Only one stretch of the data below is needed. Output the lines from the one with "A 3D rendering" up to and including the one with "Amazing Aussie Brisbane", exactly as they stand.

RECORDS SUPPLIED:
########
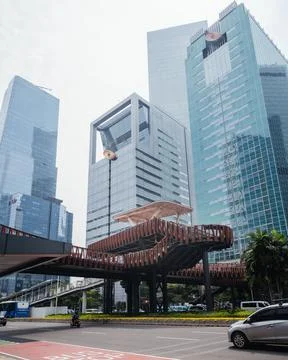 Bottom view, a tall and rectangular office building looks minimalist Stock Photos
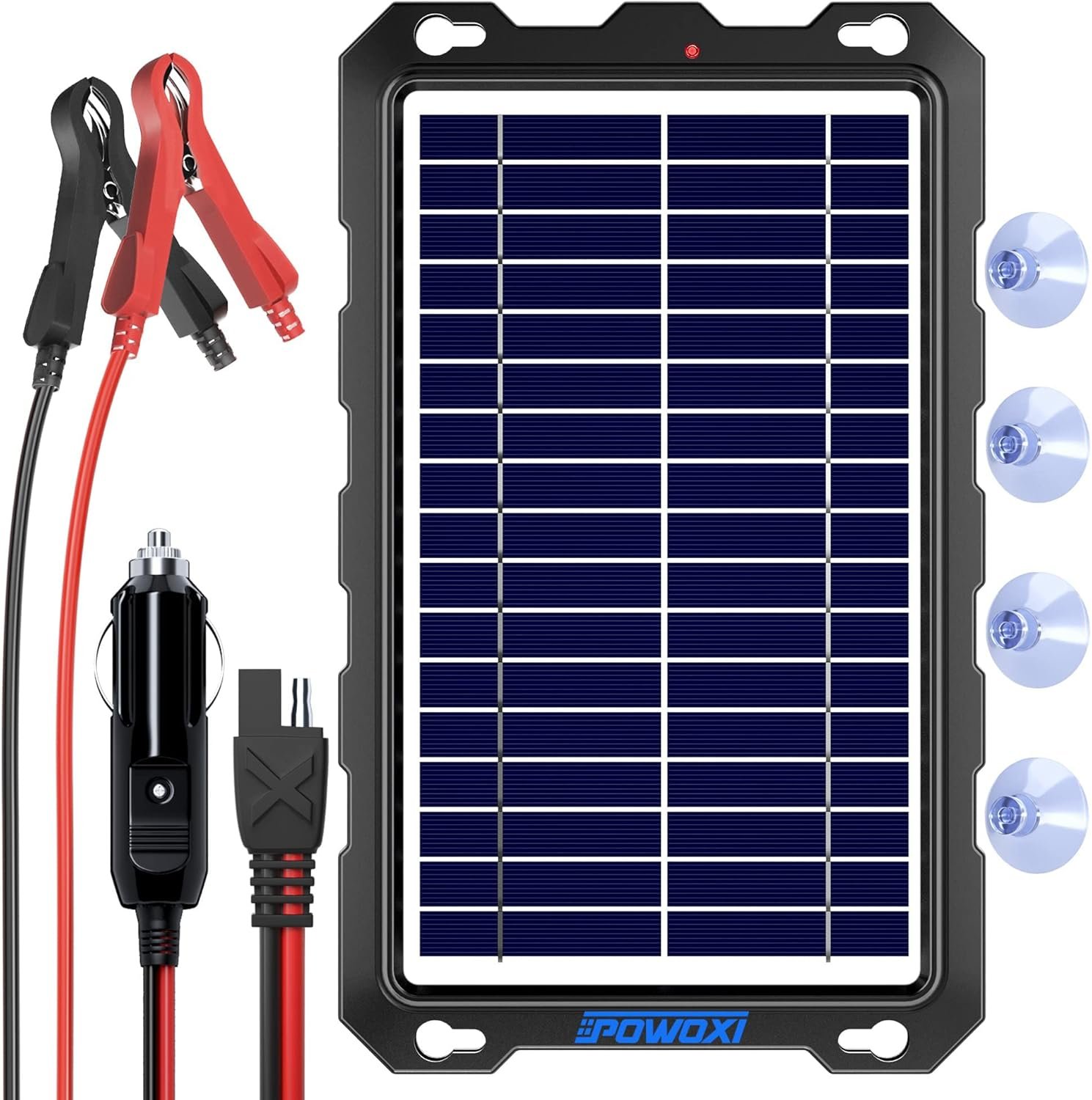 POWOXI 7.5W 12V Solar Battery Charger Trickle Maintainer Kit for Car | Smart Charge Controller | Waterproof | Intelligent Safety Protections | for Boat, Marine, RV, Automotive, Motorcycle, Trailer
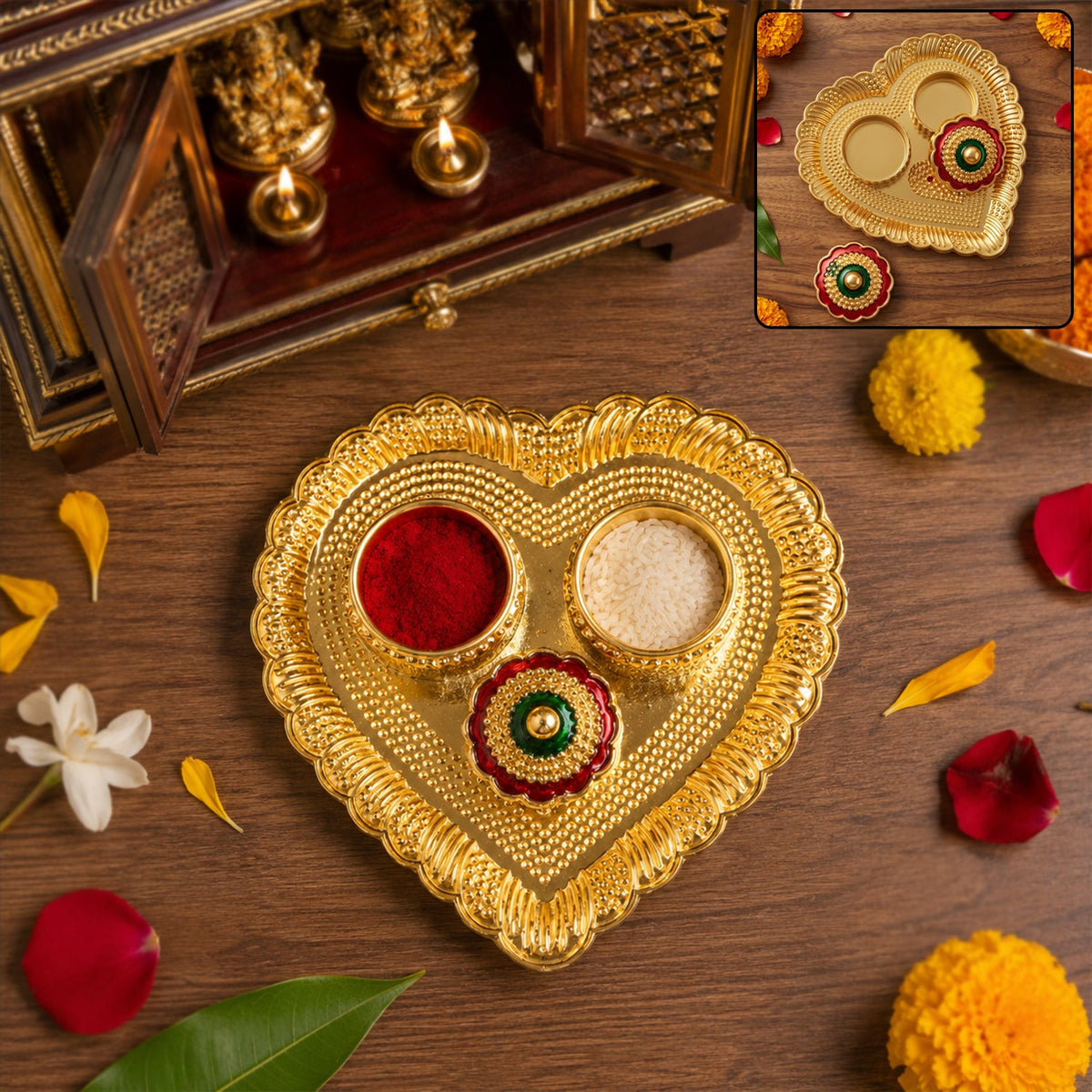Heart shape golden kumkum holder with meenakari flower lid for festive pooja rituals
########
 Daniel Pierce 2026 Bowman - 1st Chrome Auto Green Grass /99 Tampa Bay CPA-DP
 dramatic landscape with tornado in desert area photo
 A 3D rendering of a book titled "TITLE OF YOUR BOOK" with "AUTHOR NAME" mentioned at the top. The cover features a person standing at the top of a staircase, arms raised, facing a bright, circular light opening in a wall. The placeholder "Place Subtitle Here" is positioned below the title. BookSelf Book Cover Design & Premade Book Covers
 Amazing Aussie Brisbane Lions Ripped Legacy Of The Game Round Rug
########
SOLUTION TO THIS TASK:
 A 3D rendering of a book titled "TITLE OF YOUR BOOK" with "AUTHOR NAME" mentioned at the top. The cover features a person standing at the top of a staircase, arms raised, facing a bright, circular light opening in a wall. The placeholder "Place Subtitle Here" is positioned below the title. BookSelf Book Cover Design & Premade Book Covers
 Amazing Aussie Brisbane Lions Ripped Legacy Of The Game Round Rug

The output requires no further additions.